Tommy Dover has launched a new maritime web site to record the maritime activity at Wicklow Port and at other locations along the County Wicklow Coast. You can find Tommy's site at:

SEA CONTAINERS \ Isle of Man Steam Packet Company

BEN-MY-CHREE arrived on Merseyside on Saturday January 11 for a quick visit to NWS for further propeller work. She arrived on the afternoon tide at Alfred and then proceeded through East and West Float to Bidston Dry Dock. The event is fully covered in the photos section.

SUPERSEACAT ONE arrived on Merseyside early Friday morning after travelling up from Portsmouth where she had departed on Wednesday.  It is understood that she had been due to travel to Helsinki but this had been cancelled due to the extreme low temperatures currently being experienced. She is expected to relocate to the Baltic in March or April and may dry dock at A&P. 

SEACAT ISLE OF MAN is berthed at West Float. It is believed that she will enter NWS Bidston after work on the BEN-MY-CHREE has been completed.


This Saturday afternoon must have seen the largest concentration of Sea Containers vessels ever known on Merseyside. 

SUPERSEACAT THREE, SEACAT FRANCE and SEACAT SCOTLAND - A&P. SEACAT ISLE OF MAN, BEN-MY-CHREE and SUPERSEACAT ONE - Birkenhead Docks whilst over at Liverpool Landing Stage the LADY OF MANN awaited her return 19:00 sailing to Douglas. That is seven Sea Containers ships within a mile or so of one another certainly a Merseyside first!


JONATHAN SWIFT departed Dublin at 11:00 on Thursday January 09 bound for Canada Graving Dock, Liverpool. She was noted passing Q1 inward at 14:35, the Rock at 15:08 with arrival in Langton Lock at 15:17. She arrived a day later than expected due it is believed, to the fact that P&O EUROPEAN DIPLOMAT had not vacated the graving dock..


Over the coming weeks some 5000 personnel will be involved in a Maritime Deployment of UK Forces, the task group will include HMS ARK ROYAL, HMS OCEAN along with a number of Destroyers, Frigates and a Submarine. 

They will be accompanied by vessels from the Royal Fleet Auxiliary and a Mine Countermeasures Group they will make up the originally planned Naval Task Group 2003. In addition, an amphibious Group including Headquarters 3 Commando Brigade, 40 Commando Royal Marines and 42 Commando Royal Marines with supporting elements will be deployed.

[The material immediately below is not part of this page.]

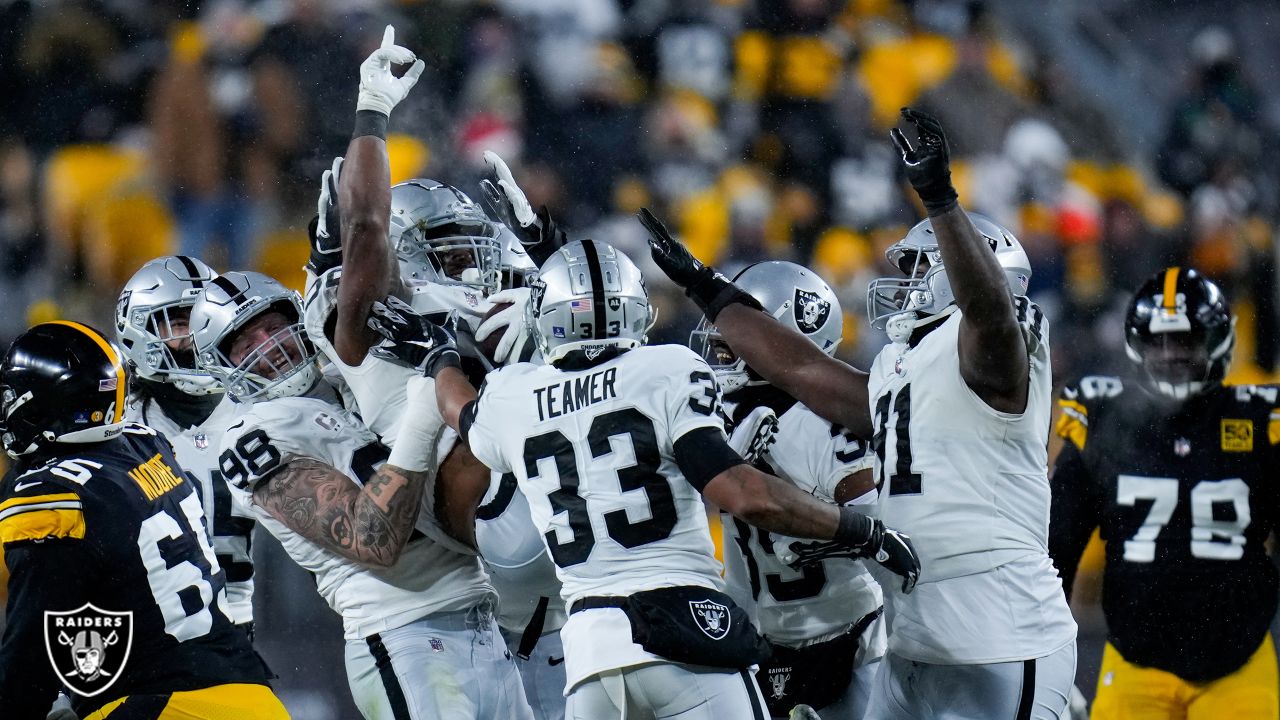 Pittsburgh, Pennsylvania, USA. 24th Dec, 2022. Dec. 24, 2022: Darien Butler  #58 during the Pittsburgh Steelers vs Las Vegas Raiders in Pittsburgh PA at  Acrisure Stadium. Brook Ward/AMG (Credit Image: © AMG/AMG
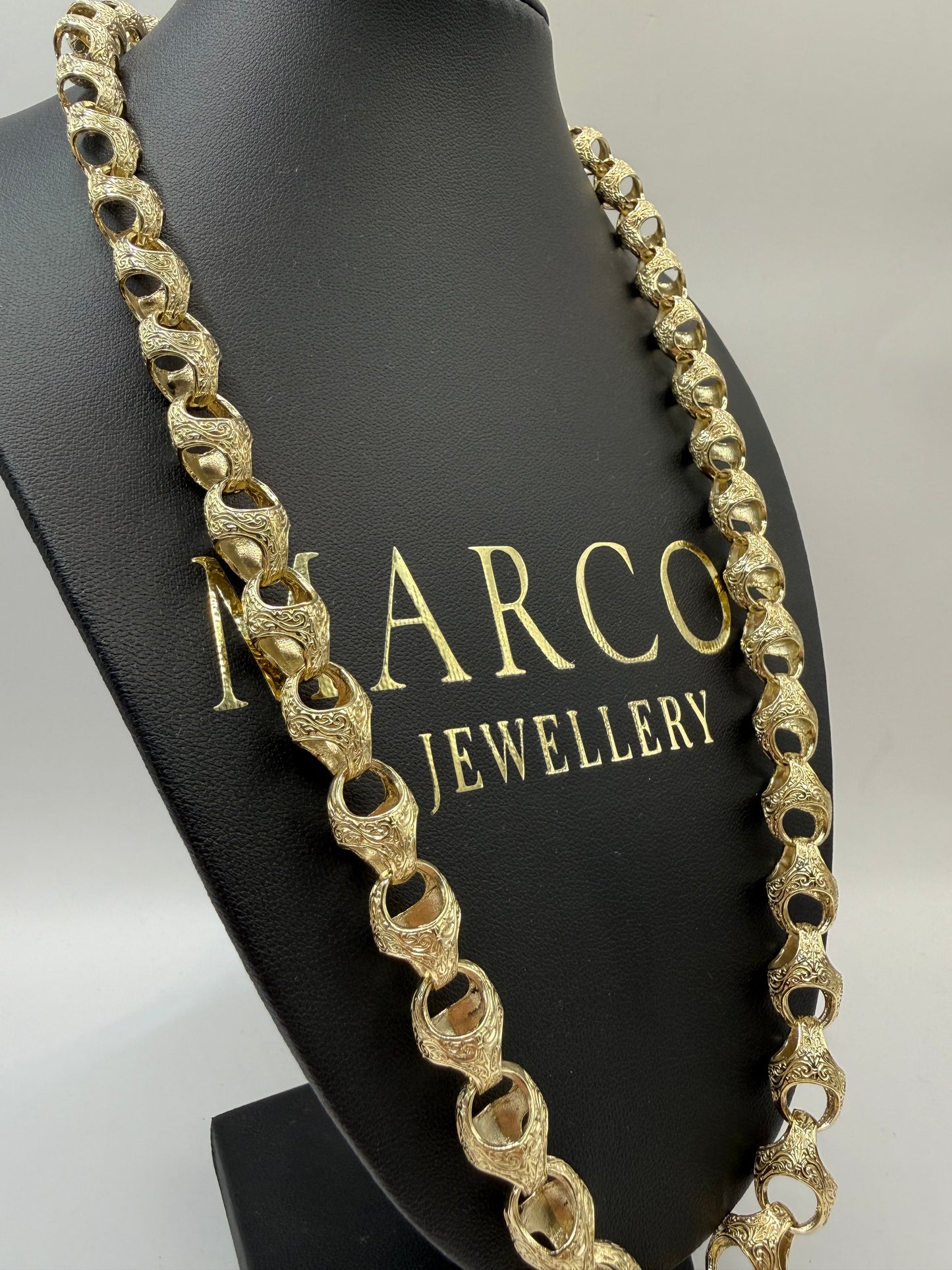 9ct Gold Acorn Chain 24.25" 10mm 76.6g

The Task Group will conduct training in the Mediterranean region with a view to proceeding to the Gulf region in due course.

The above press release issued by the Royal Navy suggests that HMS OCEAN may not be star attraction for the 2003 Battle of the Atlantic 60th Anniversary Celebrations due to be held over the May bank holiday weekend as originally anticipated.


EUROPEAN SEAFARER departed from North Western Ship Repairers at Bidston on the afternoon of January 11. She proceeded to a berth in West Float, Birkenhead.

EUROPEAN DIPLOMAT was completing refit work at Canada #3 Branch Dock on January 11 after having vacated Canada Graving Dock.


ROYAL DAFFODIL departed from Seacombe Landing Stage around 14:00 on January 9, bound for A&P Birkenhead #6 Dry Dock.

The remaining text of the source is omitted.